* _EXERCISE INPUT_
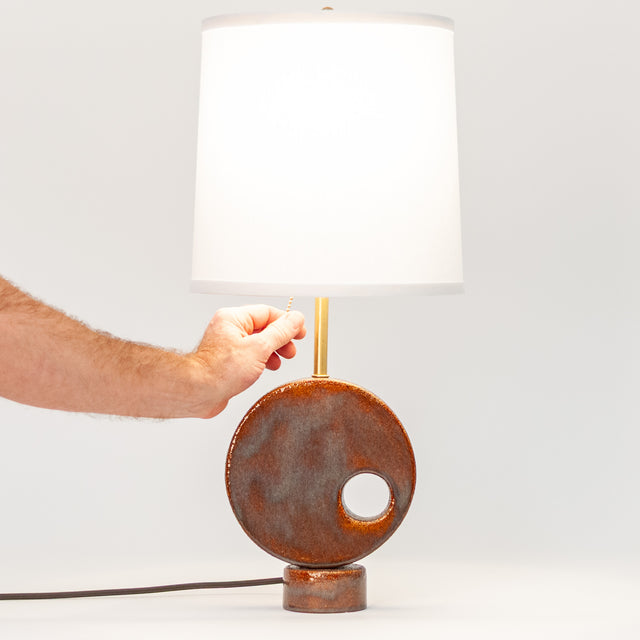 Radius ceramic table lamp, angle view, J Schatz
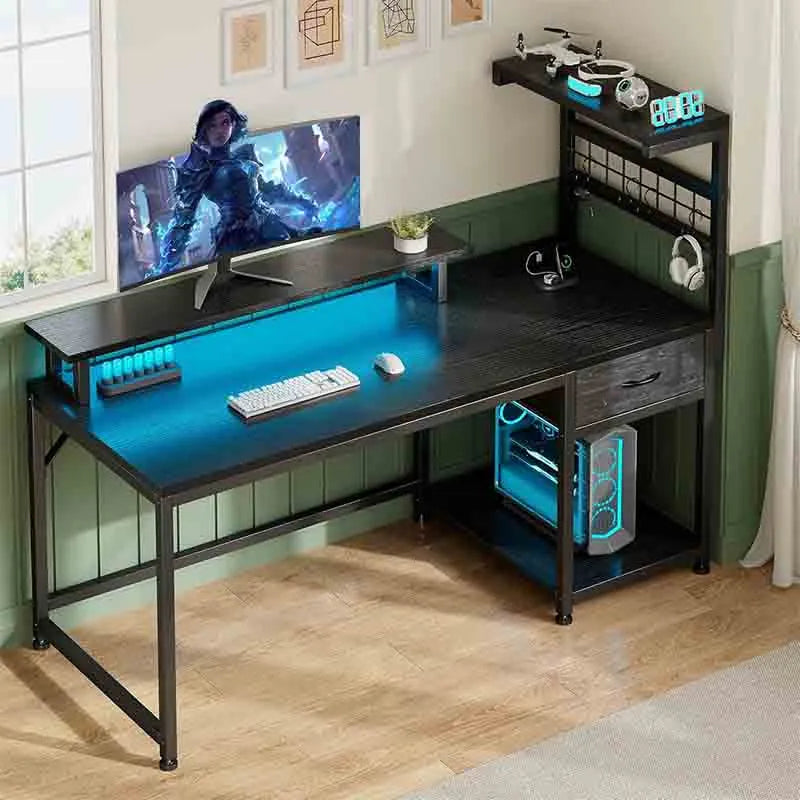 Yoobure 47&quot; Computer Desk,Desk with Drawers,Office Desk with Power Outlets and Led Lights,Home Office Desks with Monitor Stand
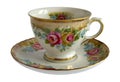 Antique porcelain cup and saucer Royalty Free Stock Photo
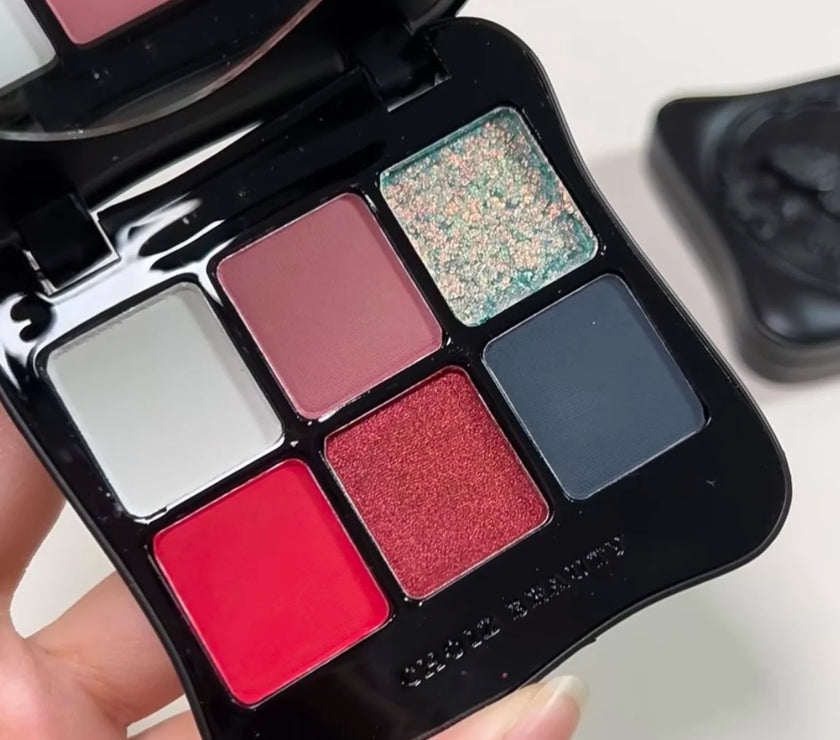 CHOIZ BEAUTY 6 Color Insect Eyeshadow Green Chameleon Butterfly Matte Platte Shimmer Shining Eye Makeup DarkBlue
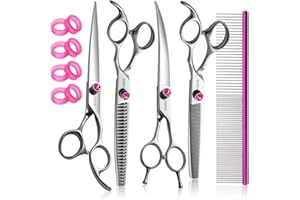 FOGOSP Dog Grooming Scissors Kit 8 in Professional Curved Thinning Straight Chunker Shears and Comb 5pcs Set for Grooming Big Dogs Poodle Pet Japan 440C Stainless Steel(8.0'',Kit)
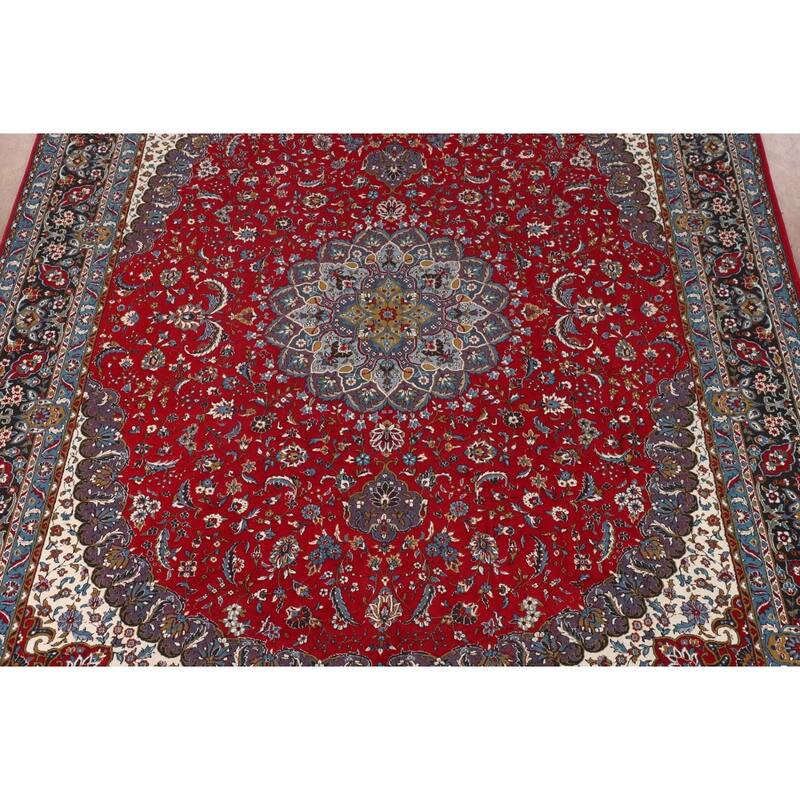 Medallion Kashan Turkish Area Rug Machine Made Living Room Carpet - 9'8" x 13'0"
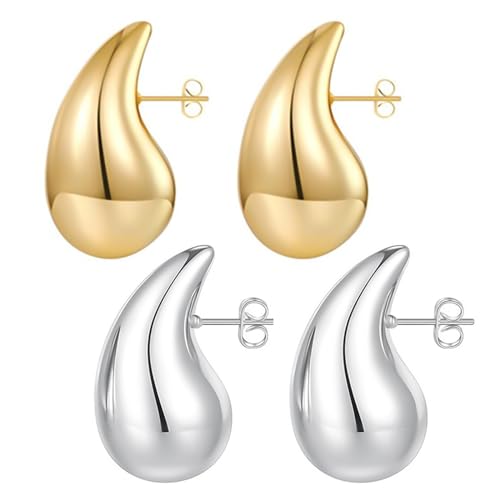 2 Stück Ohrringe Dupes Chunky Earrings für Damen Ohrringe Gold Creolen Hypoallergen Silber Ohrringe Waterdrop Dicke Creolen vergoldete Ohrringe Modeschmuck für Frauen und Mädchen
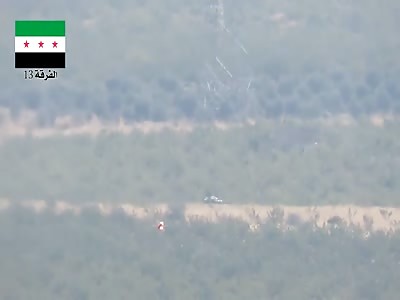 TOW Missile warbling in Hama flying to kill Assad terrorists in their Tank 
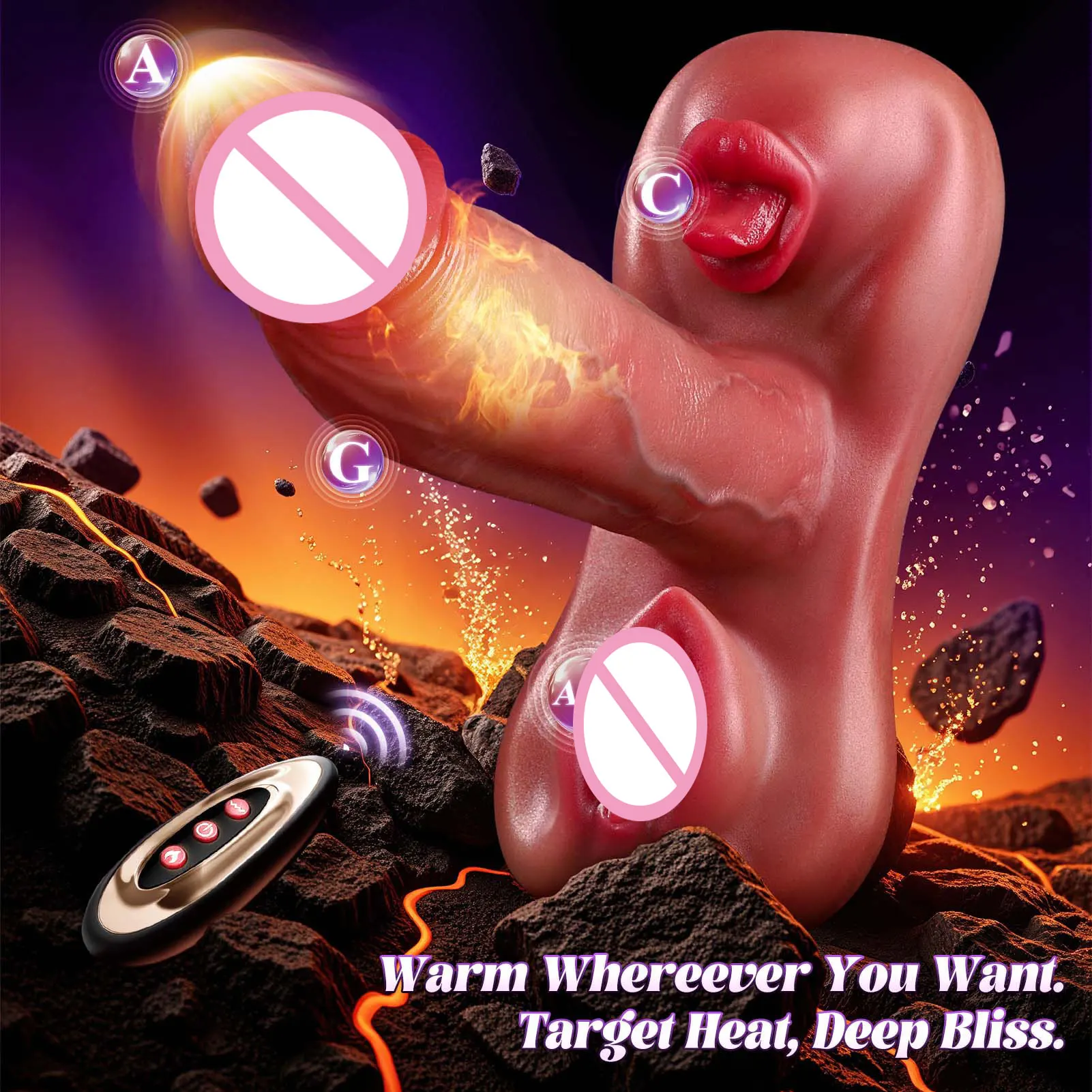 APP Remote Control Heating Strap on Dildo Vibrator 6 in 1 Thrusting Big Dildos G spot Clitoris Anal Sex Toys for Women Couples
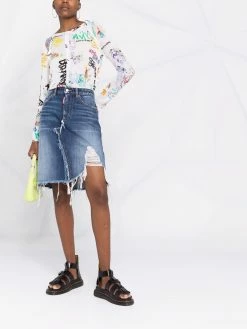 Dsquared2 jupe en jean à effet usé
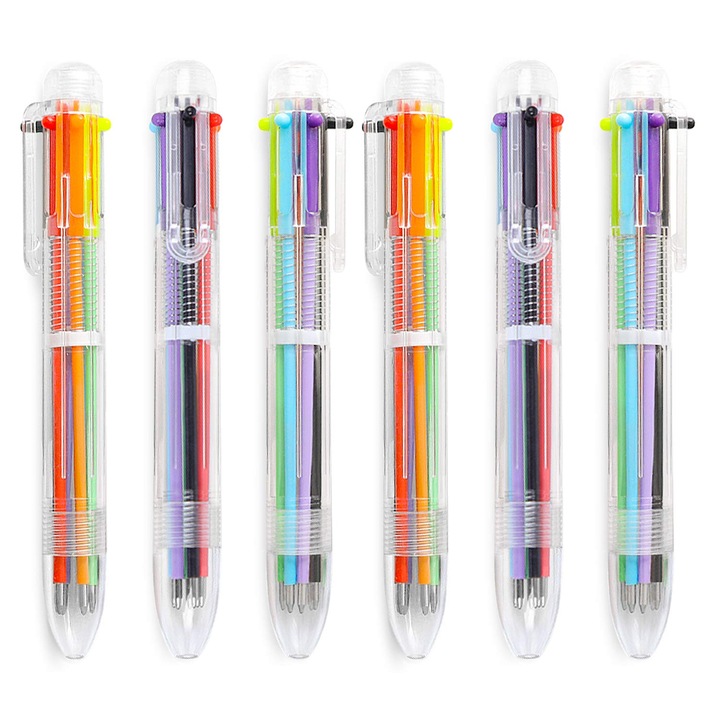 Комплект от 6 прибиращи се химикалки, Overtang, Multicolor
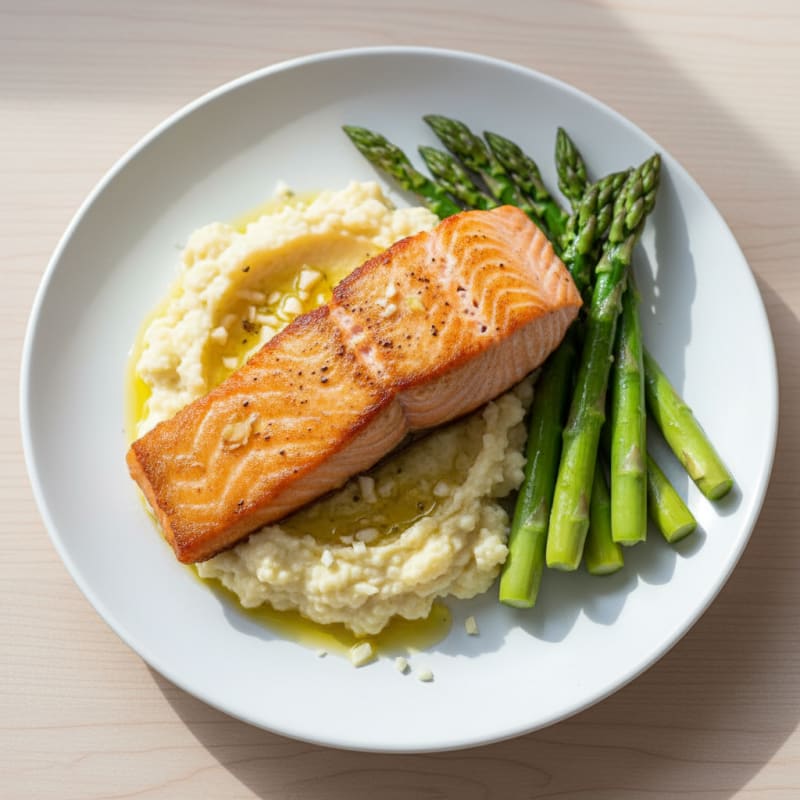 Seared Salmon with Steamed Asparagus and Garlic Cauliflower Mash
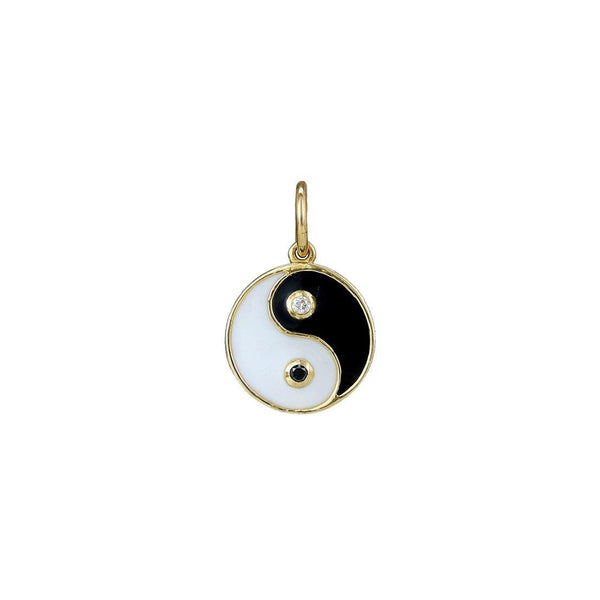Diamond Ying Yang Black And White Necklace Charm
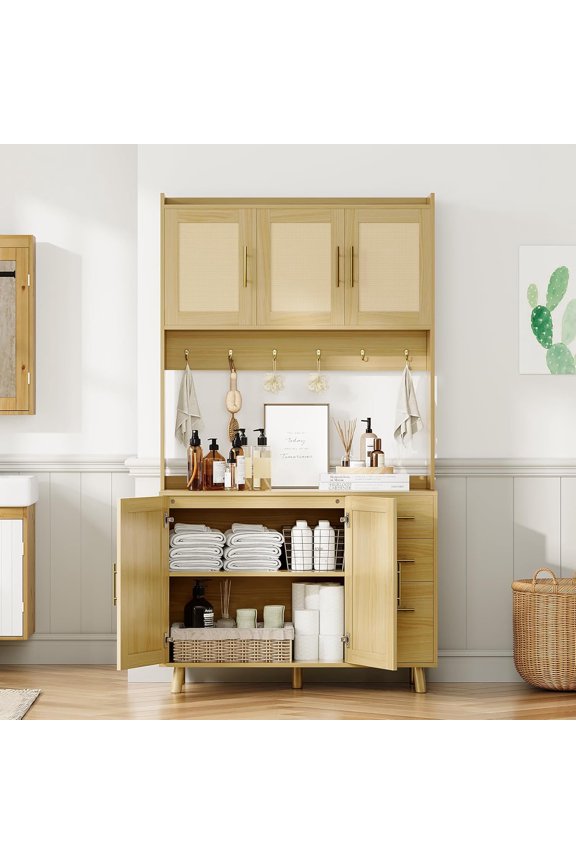 Rattan Pantry Cabinet, 71" Kitchen Pantry with Microwave Stand, Freestanding Hutch with Drawers, Doors and Hooks, Boho Storage Cabinet Tall Rattan Kitchen Haunt for Dining Room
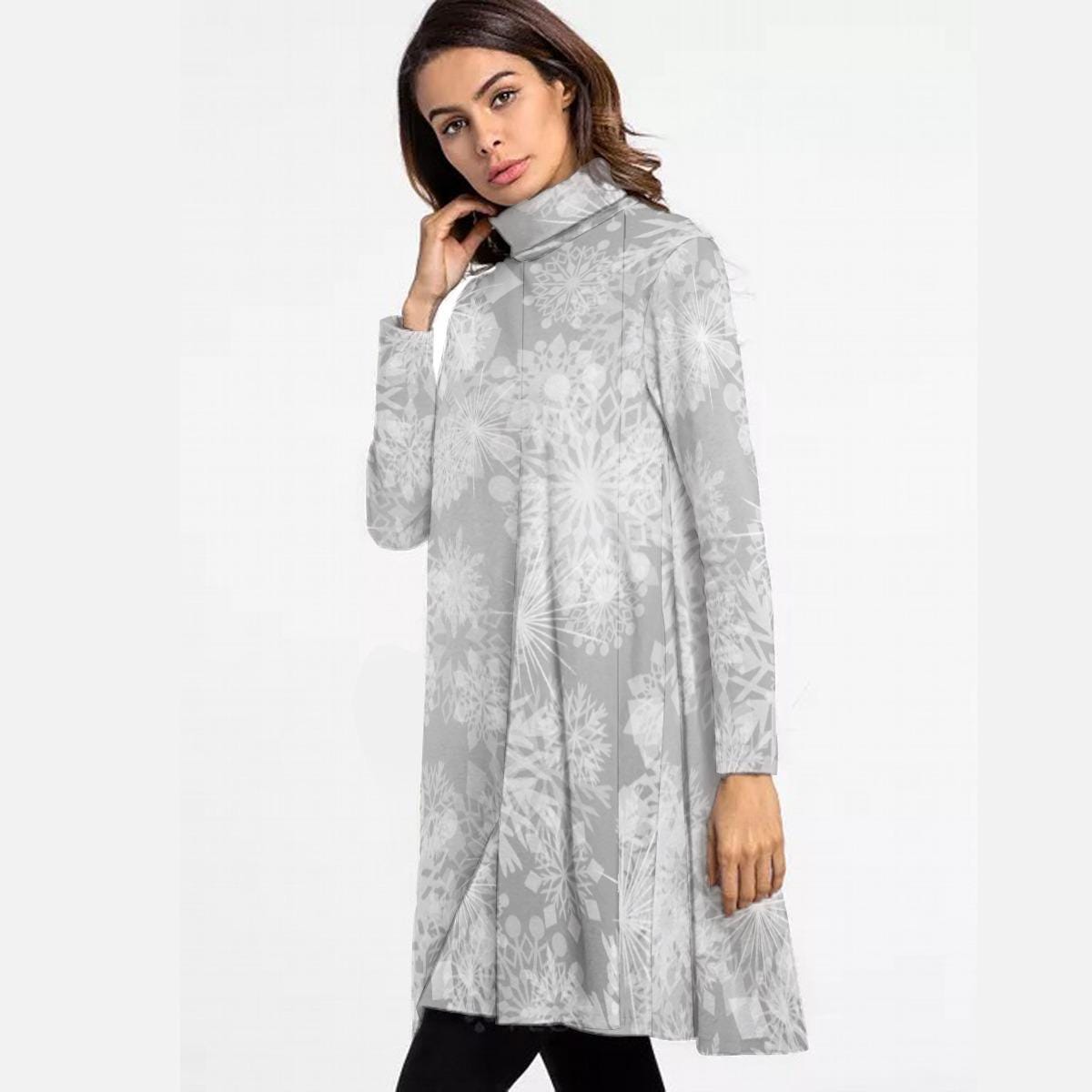 Grey High Neck Snowflake Dress, Above the Knee Winter Design, Christmas Party Cocktail Dress, Trendy Women's Maxi Dress, Flora Maxil Dress - Printspirationz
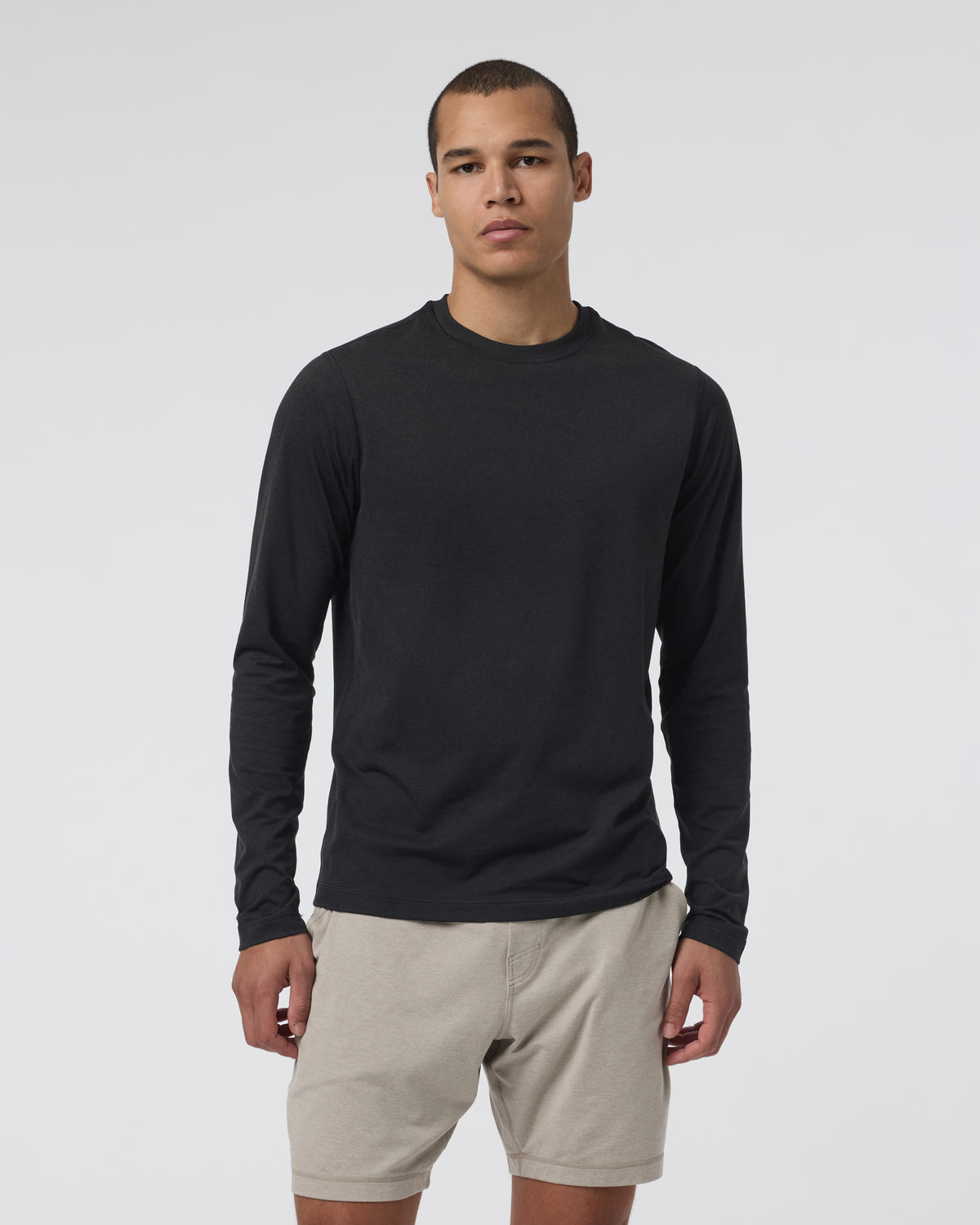 Vuori Long Sleeve Ponto Performance Tee Black Heather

* _PROBLEM_
Working from the lines above, reproduce the material exactly and exclude its pictures.

* _EXERCISE SOLUTION_
 Radius ceramic table lamp, angle view, J Schatz
 Yoobure 47&quot; Computer Desk,Desk with Drawers,Office Desk with Power Outlets and Led Lights,Home Office Desks with Monitor Stand
 Antique porcelain cup and saucer Royalty Free Stock Photo
 CHOIZ BEAUTY 6 Color Insect Eyeshadow Green Chameleon Butterfly Matte Platte Shimmer Shining Eye Makeup DarkBlue
 FOGOSP Dog Grooming Scissors Kit 8 in Professional Curved Thinning Straight Chunker Shears and Comb 5pcs Set for Grooming Big Dogs Poodle Pet Japan 440C Stainless Steel(8.0'',Kit)
 Medallion Kashan Turkish Area Rug Machine Made Living Room Carpet - 9'8" x 13'0"
 2 Stück Ohrringe Dupes Chunky Earrings für Damen Ohrringe Gold Creolen Hypoallergen Silber Ohrringe Waterdrop Dicke Creolen vergoldete Ohrringe Modeschmuck für Frauen und Mädchen
 TOW Missile warbling in Hama flying to kill Assad terrorists in their Tank 
 APP Remote Control Heating Strap on Dildo Vibrator 6 in 1 Thrusting Big Dildos G spot Clitoris Anal Sex Toys for Women Couples
 Dsquared2 jupe en jean à effet usé
 Комплект от 6 прибиращи се химикалки, Overtang, Multicolor
 Seared Salmon with Steamed Asparagus and Garlic Cauliflower Mash
Diamond Ying Yang Black And White Necklace Charm
 Rattan Pantry Cabinet, 71" Kitchen Pantry with Microwave Stand, Freestanding Hutch with Drawers, Doors and Hooks, Boho Storage Cabinet Tall Rattan Kitchen Haunt for Dining Room
 Grey High Neck Snowflake Dress, Above the Knee Winter Design, Christmas Party Cocktail Dress, Trendy Women's Maxi Dress, Flora Maxil Dress - Printspirationz
 Vuori Long Sleeve Ponto Performance Tee Black Heather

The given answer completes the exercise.